Saturday, July 6, 2013

Learn You Some SQL For Great Good - Unlearn What You Have Learned OR How Select Logically Works (the WHERE clause--NULL)

"We hold the promise, who shall make it null? If God be for us, who can be against us?"
-- Saint Augustine
The Confessions of Saint Augustine, Book XII

Who Could Make It NULL?


We are going to cover one last thing before we are done with the WHERE clause in the SELECT statement.

  1. FROM
  2. ON
  3. JOIN
  4. WHERE
  5. GROUP BY
  6. WITH CUBE or WITH ROLLUP
  7. HAVING
  8. SELECT
  9. DISTINCT
  10. ORDER BY
  11. TOP

I Don't Know


A criticism of popular governments is that people felt that they should always have an opinion on everything.  Often it is OK to simply say "I don't know".  An unknown represents a missing or unexplored part.

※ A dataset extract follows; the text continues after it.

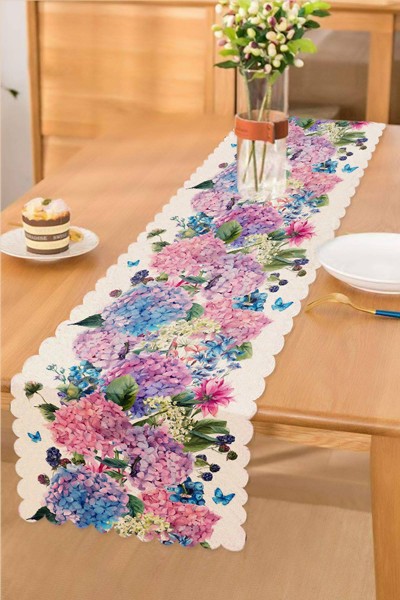 45x140-dijital-baskili-ozel-tasarim-modern-runner-223848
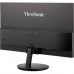 Монітор ViewSonic VA24E1-H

On old maps, the unknown sections of the map would have the caption, here be dragons.

In SQL an unknown is represented by a value of NULL.  We have already seen NULL values when we were doing LEFT OUTER and FULL OUTER JOINs.  Those places where we do not have a related value across the tables, those values came back as NULL, meaning unknown.

Working with the Unknown


In SQL NULL does not equal NULL, meaning that an unknown value does not equal an unknown value (which makes sense if you really think about it).  This is important, since if you have NULL values you need to use the special IS NULL operator to check if a value is NULL.

Here is some SQL (that has not been full gone over yet) to show the point:

SELECT 
  CASE
    WHEN NULL = NULL THEN 'NULL = NULL'
    ELSE 'NULL <> NULL'
  END AS NullEqual
 ,CASE
    WHEN NULL IS NULL THEN 'NULL IS NULL'
    ELSE 'NULL IS NOT NULL'
  END AS NullIsNull
;

This will give us the output: NULL <> NULL (meaning NULL does not equal NULL) and NULL IS NULL (meaning NULL has the value of NULL).

(on SQL Fiddle)

Data Quality is Job Number 1


Say that you want to be able to get the values in one table that do not link to the values in another table, how would you do that?


SELECT
   p.name AS play
  FROM plays AS p
  LEFT JOIN playwrights AS a
    ON p.playwrightId = a.id
  WHERE a.id IS NULL
;

(on SQL Fiddle)

The WHERE clause on the query would filter off all the plays which have known playwrights leaving us with just The Second Sheperd's Play and Edward III.

Likewise we can use this pattern to find all the playwrights without known plays.


SELECT
   a.name AS playwright
  FROM playwrights AS a
  LEFT JOIN plays AS p
    ON p.playwrightId = a.id
  WHERE p.playwrightId IS NULL
;

(on SQL Fiddle)

This will give us just the playwright Jacopone da Todi, who has no known plays.